To actually make use of the millions of images the microscope captures, the time-stretch technology is coupled with deep learning analysis to distinguish cancer cells from healthy white blood cells. Deep learning, a subset of machine learning, creates algorithms that use unstructured data—things that are traditionally hard for a computer to process, such as images or audio waves—to identify new images or audio waves. For example, you would train a computer using deep learning to recognize a picture of a cat by showing it thousands of pictures of cats. This is the first application in the label-free classification of cells, Jalali said.

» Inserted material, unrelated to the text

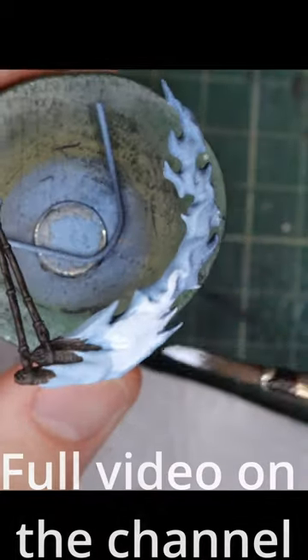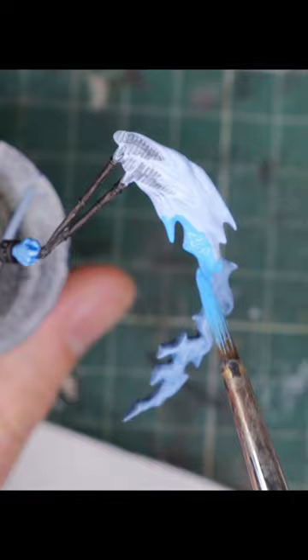I started with the base coat of sky blue over the base of the flame and the... what is that? A fire turd? A flaming cockroach? Anyways, after that I paint the rest of the flames.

“You end up with this big data challenge” using time-stretch technology, “something we initially hadn’t appreciated until this started to work,” said Jalali. 100 GB of data is generated from all the images. In order to distinguish cell types from each other using multiple characteristics, “you need a statistical method such as a machine-learning technique in which you can create a model that can be trained to distinguish cell types from each other,” he said. For this application, the novel technique identified 16 physical characteristics of the cells including biomass, size, and granularity, which could be used to distinguish healthy cells from cancerous cells.

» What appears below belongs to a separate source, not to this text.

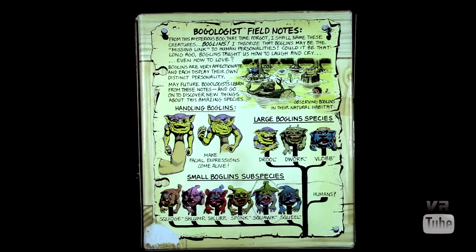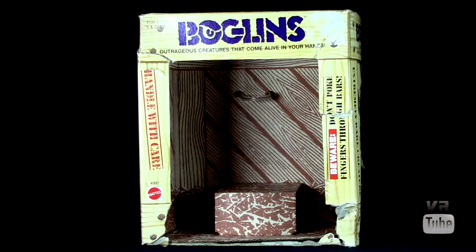On the back you get your little spiel about Boglins — your Bogologist field notes from the mysterious Bog that time forgot: 'I shall name these creatures Boglins. I theorize that Boglins may be the missing link to human personalities. Could it be that long ago Boglins taught us how to laugh and cry, even to love? Boglins are very affectionate, and each display their own distinct personality. May future Bogologists learn from these notes and go on to discover new things about this amazing species.' And then you get little pictures of the various Boglin species that are available. This form of packaging is, of course, good for in or out of package display.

The results? The researchers were able to identify colon cancer cells in a background of white blood T cells. In another application, they distinguished different lipid-accumulating algal strains, important in biofuel production. Their technology captured images of cells flowing at the unprecedented rate of 100,000 cells/sec with minimal distortion. This is faster and 17% more accurate than conventional size-based techniques.
The deep learning computer program identified cancer cells with over 95% accuracy. Jalali believes that together with time-stretch technology deep learning will have many medical, biotech, and research applications. The UCLA group is being supported by Nantworks as they move into pre-commercialization stage.